The defendant's claim that the trial court improvidently exercised its discretion in refusing to authorize a subpoena for documents from the office of the United States Attorney, Eastern District of New York, relating to any criminal conduct or alleged criminal conduct by the complainant, which would have formed the basis for the impeachment of the witness. The denial was based on the admittedly overbroad form of the subpoena (see, People v Gissendanner, 48 N.Y.2d 543, 549; People v. Chang Gee Kim, 144 A.D.2d 572, 574; Matter of Gelderman, 111 A.D.2d 332, 333). The court specifically granted the defendant leave to resubmit a more narrowly drafted subpoena for reconsideration. No new subpoena was ever submitted. By conceding the infirmity in the original subpoena and then failing to remedy it, the defendant abandoned his claim and it is unpreserved for appellate review (see, People v Russell, 71 N.Y.2d 1016, 1018; People v. Terry, 148 A.D.2d 478, 478-479). Furthermore, the defendant was already in possession of a Federal complaint, giving him sufficient information with which to cross-examine the complainant. The request, therefore, was for cumulative material (see, People v. Gissendanner, supra; People v Ceiro, 126 A.D.2d 553).

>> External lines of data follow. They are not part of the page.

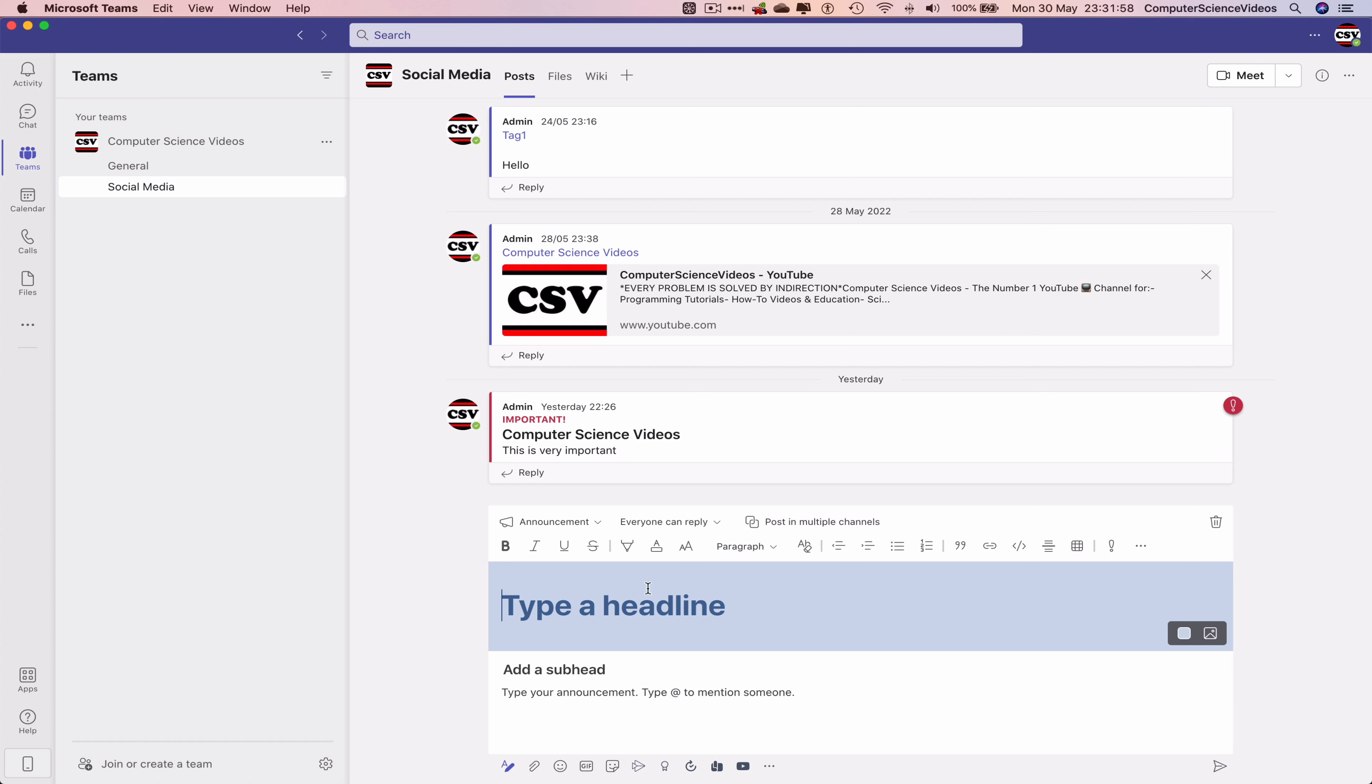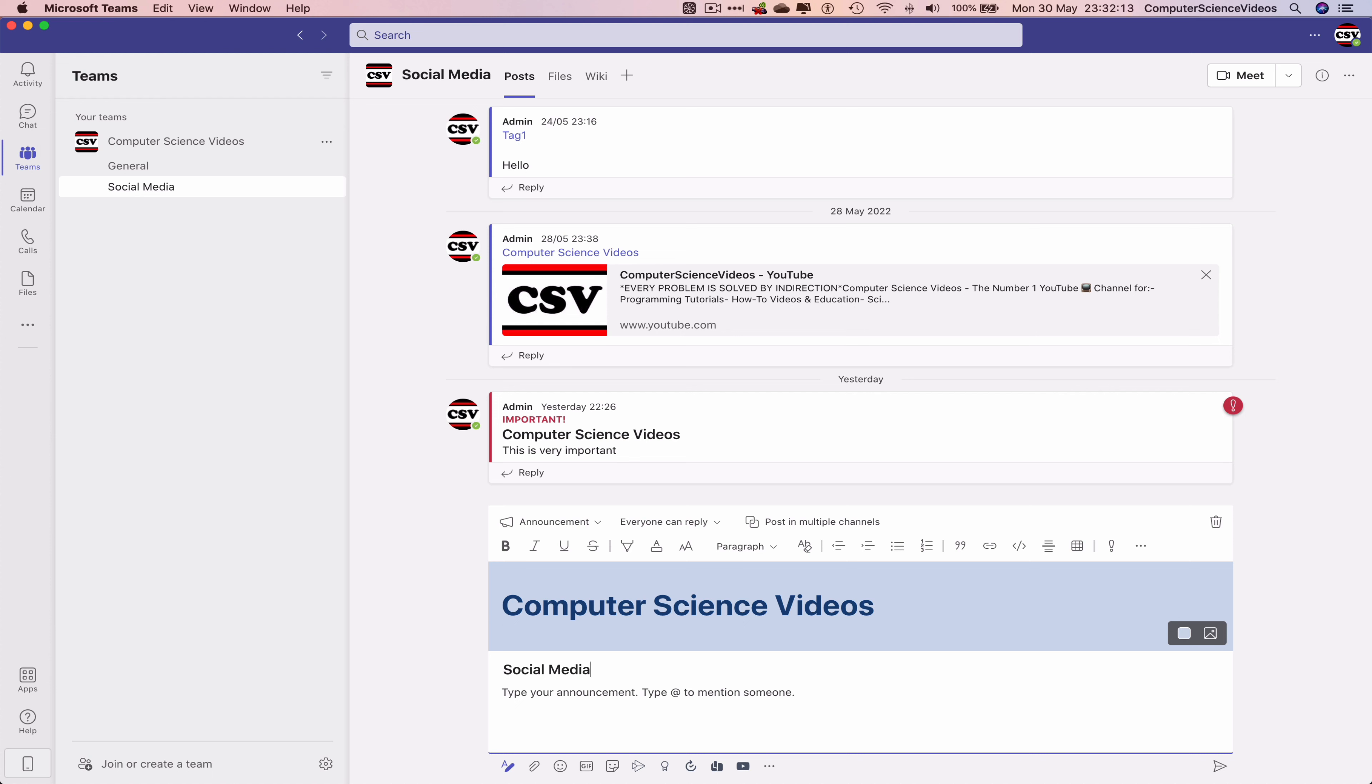And now we have a headline. That's the headline: Computer Science Videos. We can add a subhead: Social Media. Type your announcement: This is an announcement, and so on.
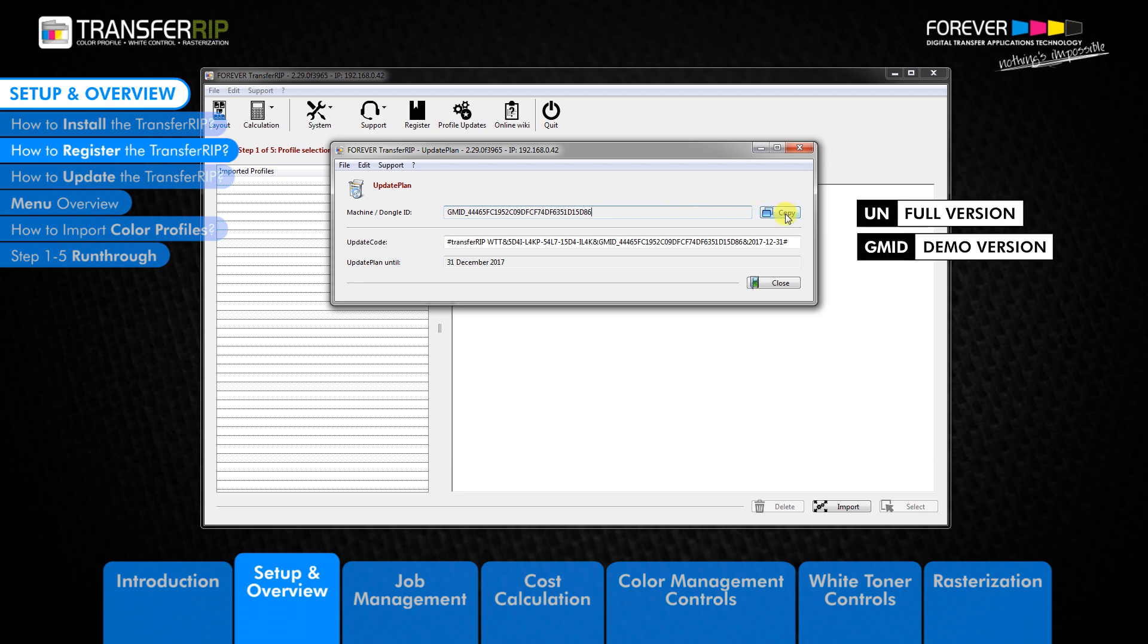Users with the demo version will need to email the GMID code to us. Please remember, all users should send the GMID number to us by using the copy button and pasting the GMID number into an email.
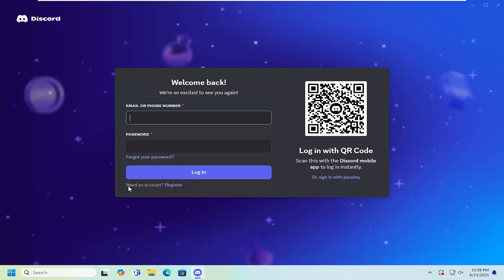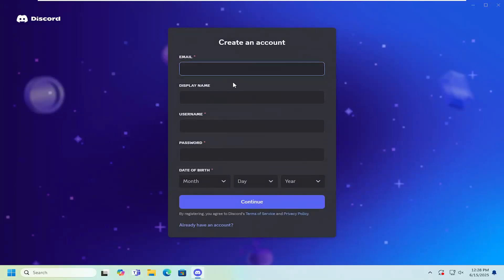And then you would select where it says need an account register at the bottom. Go ahead and select that.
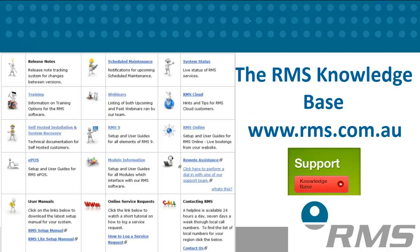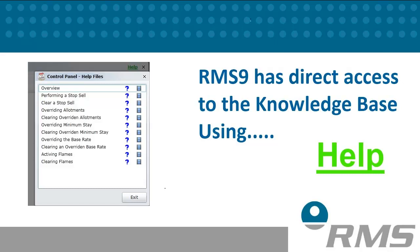RMS has implemented many help resources to assist you in your day to day operations. These include the RMS knowledge base. Our knowledge base includes written instructions, screenshots and movies to assist you with any queries you may have. It is accessible from the RMS web page, but more importantly is linked in with RMS 9. Therefore any screen that you may have open in RMS 9 will have the word Help in the top right corner. Clicking once on this word will show you a menu of help articles and movies specific to that page or feature.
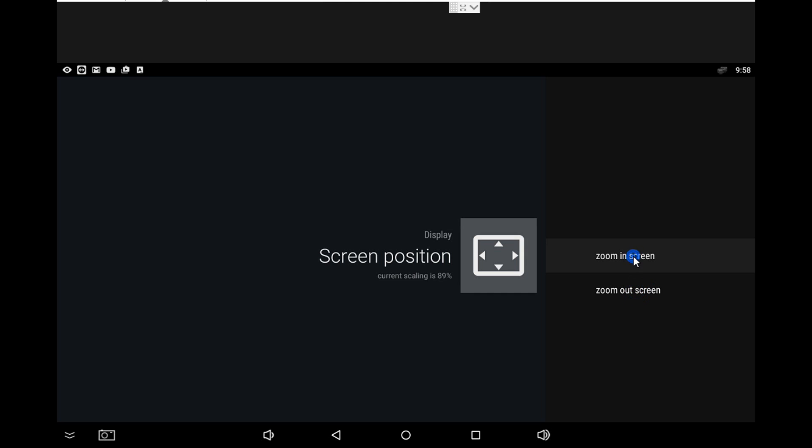Just give it a shot and see if the TV fits correctly or if it needs configuration. With this, we conclude the video. If you have any questions or comments, please make sure you post them.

During cross-examination, the complainant invoked her Fifth Amendment privilege on several occasions, when questioned about her alleged narcotics-related activities. The court at that time instructed the jury that no inference was to be drawn from her exercise of the privilege. The defendant contends that he was deprived of a fair trial because the court denied his request for an instruction in its charge to the jury that a witness's invocation of the privilege against self-incrimination can be taken into consideration when assessing the credibility of the witness. We find that any error in this regard was harmless as there is no significant probability that the defendant would have been acquitted if the requested instruction had been delivered (see, People v. Crimmins, 36 N.Y.2d 230). The complainant's testimony did not directly implicate the defendant in the kidnapping. Instead, the evidence linking the defendant to the kidnapping was primarily provided by his tape-recorded ransom demands. Furthermore, the complainant invoked the privilege on matters that were collateral to the charges against the defendant.
We have considered the defendant's remaining contentions and find them to be either unpreserved for appellate review or without merit. Mangano, P.J., Kooper, Rosenblatt and O'Brien, JJ., concur.